Marianne Bujard: "Searching for Peking's Temples: Inscriptions, Archives, and Fieldwork"

Date
Thursday October 24th 2013, 6:00 - 7:00PM
Event Sponsor
Ho Center for Buddhist Studies at Stanford, Department of Religious Studies
Location
Building 70, Room 72A1, Main Quad
Marianne Bujard: "Searching for Peking's temples : inscriptions, archives and fieldwork"

Abstract:

For the past decades, Peking has been undergoing tremendous transformation. Boosted by the opportunities of the new real estate market, the city is in the process of being completely reshaped. The thousands of temples which were part of the landscape and the social life of the capital are vanishing. Since 2003, together with a team of scholars I have conducted research and fieldwork in order to make a complete survey of the temples of the inner city of Peking and to study their history and social functions. The main sources of the research are over five hundred inscriptions preserved in rubbings; the documentation found in the imperial and republican archives; and the results of interviews and fieldwork, which allowed us to identify 1500 temples. In my presentation, I will discuss the principal results of the program and its publications.

Speaker's Bio:

Marianne Bujard is professor at the Ecole française d’Extrême-Orient and teaches at the Ecole pratique des Hautes Etudes.

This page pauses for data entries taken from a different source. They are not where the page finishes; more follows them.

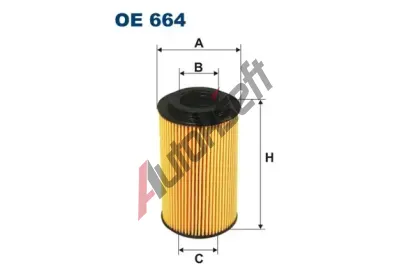 FILTRON Olejov filtr FI OE664, OE 664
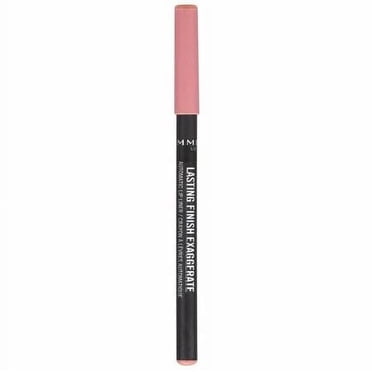 Rimmel Crayon à lèvres automatique Lasting Finish Exaggerate, crémeux, mélange de cire, silicone volatil et vitamines (E,C), 100% sans cruauté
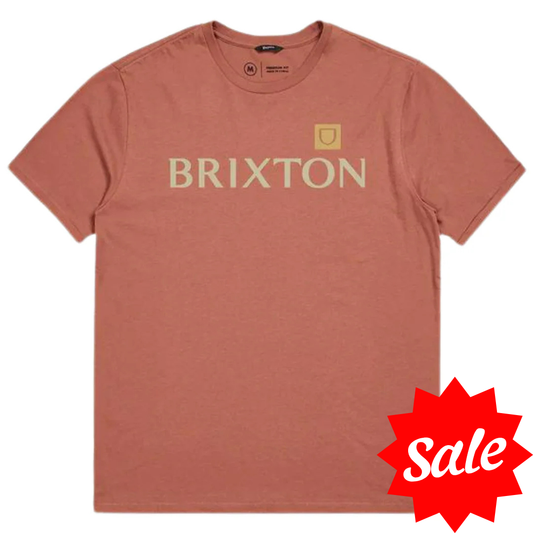 Brixton Alpha Shield T-Shirt - Apricot Jam
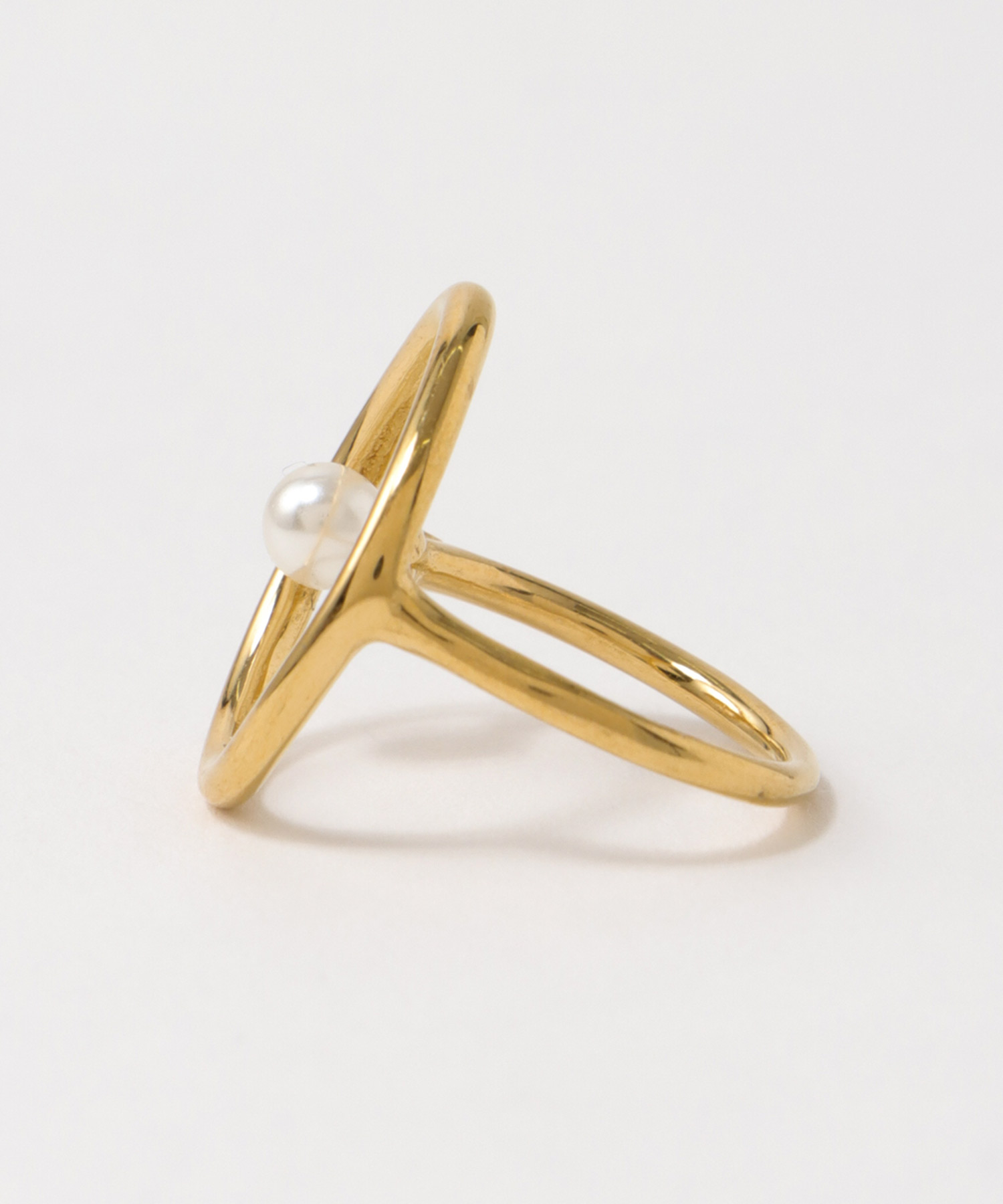 パール付きサークルステンレスリング＃１３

In the last ten years she has been in charge of a research program on the temples of Peking and the publishing of its results. Her works bears principally on the religious history of ancient China (Le sacrifice au ciel dans la Chine ancienne : théorie et pratique sous les Han Occidentaux, EFEO: Paris, 2000) and on the local cults (with Qin Jianming, Yaoshan shengmu miao yu shenshe [Le culte de la Dame du Yaoshan], Beijing: Zhonghua, 2003).